▶ **Aim of the task**
With pictures omitted, copy exactly every line from the one that contains "binz_19_0646.jpg" to the end of the listing below.

▶ **Information provided**
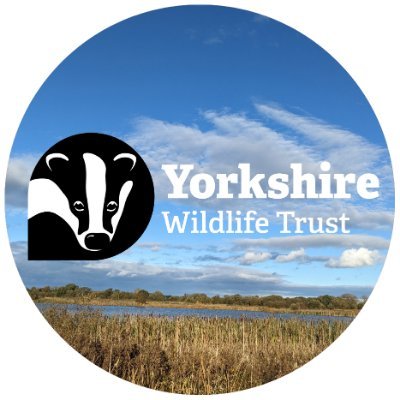 A Yorkshire charity dedicated to conserving & restoring our wildlife on land & sea. Please visit @YorksWildlife for news from across Yorkshire Wildlife Trust.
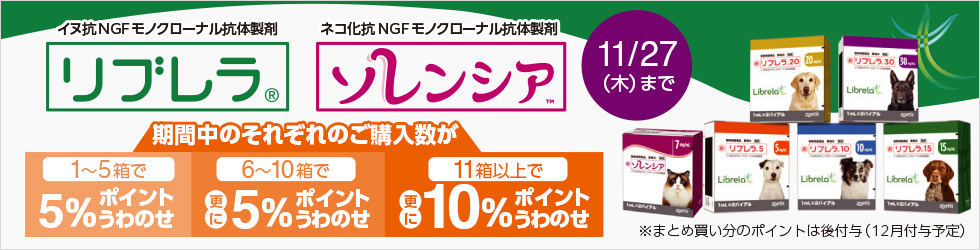 \最大 計15%ポイント還元!/【リブレラ・ソレンシアまとめ買いキャンペーン】11/27(木)まで!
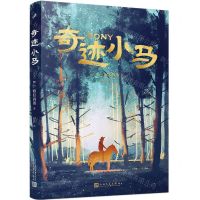 [N]奇迹小马-9787020184972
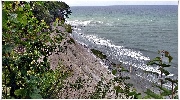 binz_19_0646.jpg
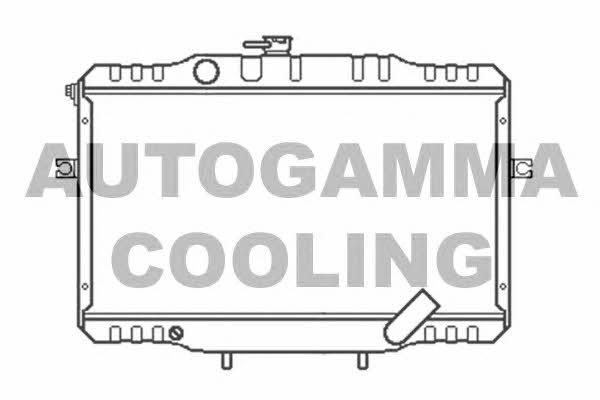 Autogamma 104080 Chłodnica, układ chłodzenia silnika 104080: Dobra cena w Polsce na 2407.PL - Kup Teraz!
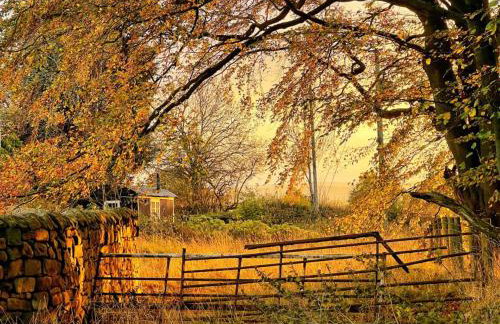 Cosy romantic shepherd hut in open countryside - Foto 15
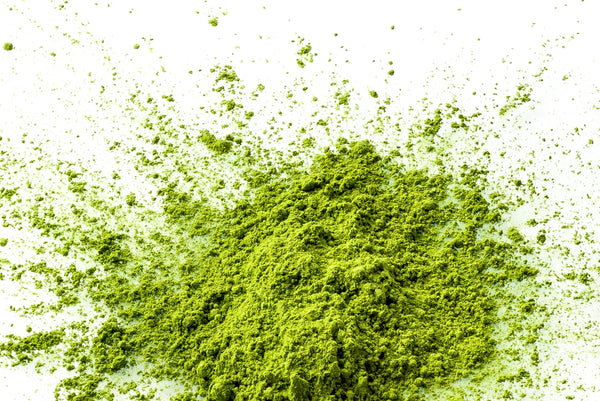 Matcha Green Tea Whipped Body Buttercreme - Soapalamode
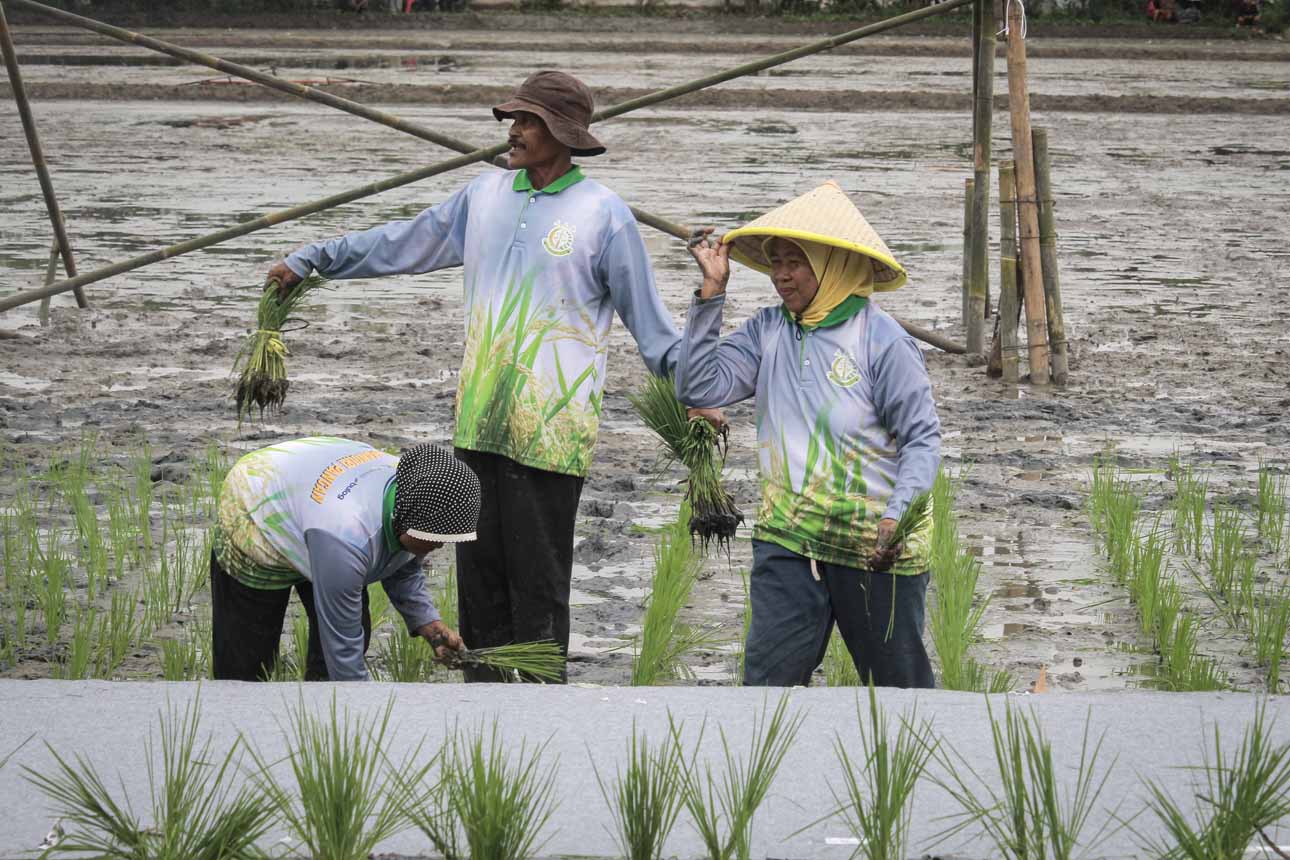 Program Peningkatan Ketahanan Pangan di Kabupaten Bekasi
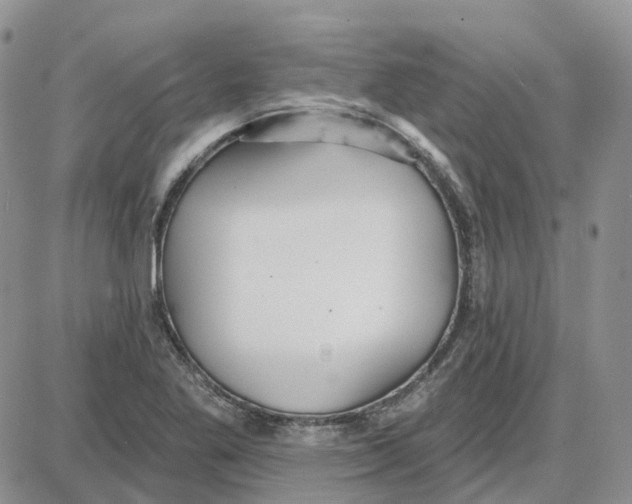 X0000087631269200705241206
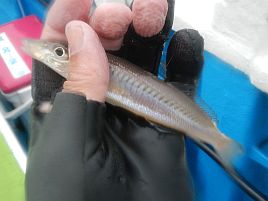 和彦丸キス・アジリレーで東京湾二大釣魚に再入門してきた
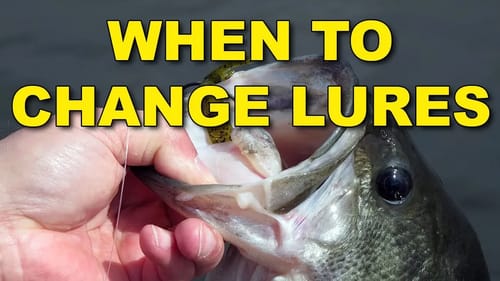 Know How Long To Fish A Lure! | How To | Bass Fishing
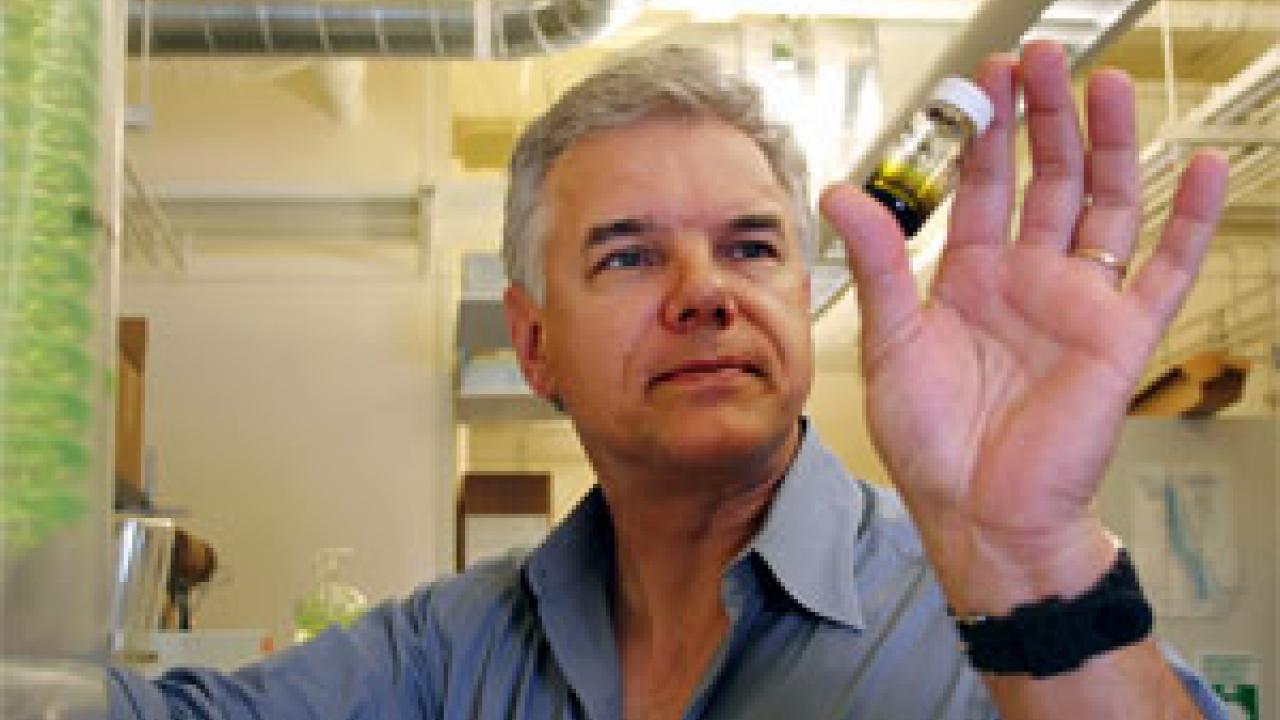 UC Davis chemistry professor Tadeusz Molinski works with extracts from ocean animals in hopes of developing them into new treatments for a variety of ailments and diseases.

▶ **Your response**
 binz_19_0646.jpg
 Autogamma 104080 Chłodnica, układ chłodzenia silnika 104080: Dobra cena w Polsce na 2407.PL - Kup Teraz!
 Cosy romantic shepherd hut in open countryside - Foto 15
 Matcha Green Tea Whipped Body Buttercreme - Soapalamode
 Program Peningkatan Ketahanan Pangan di Kabupaten Bekasi
 X0000087631269200705241206
 和彦丸キス・アジリレーで東京湾二大釣魚に再入門してきた
 Know How Long To Fish A Lure! | How To | Bass Fishing
 UC Davis chemistry professor Tadeusz Molinski works with extracts from ocean animals in hopes of developing them into new treatments for a variety of ailments and diseases.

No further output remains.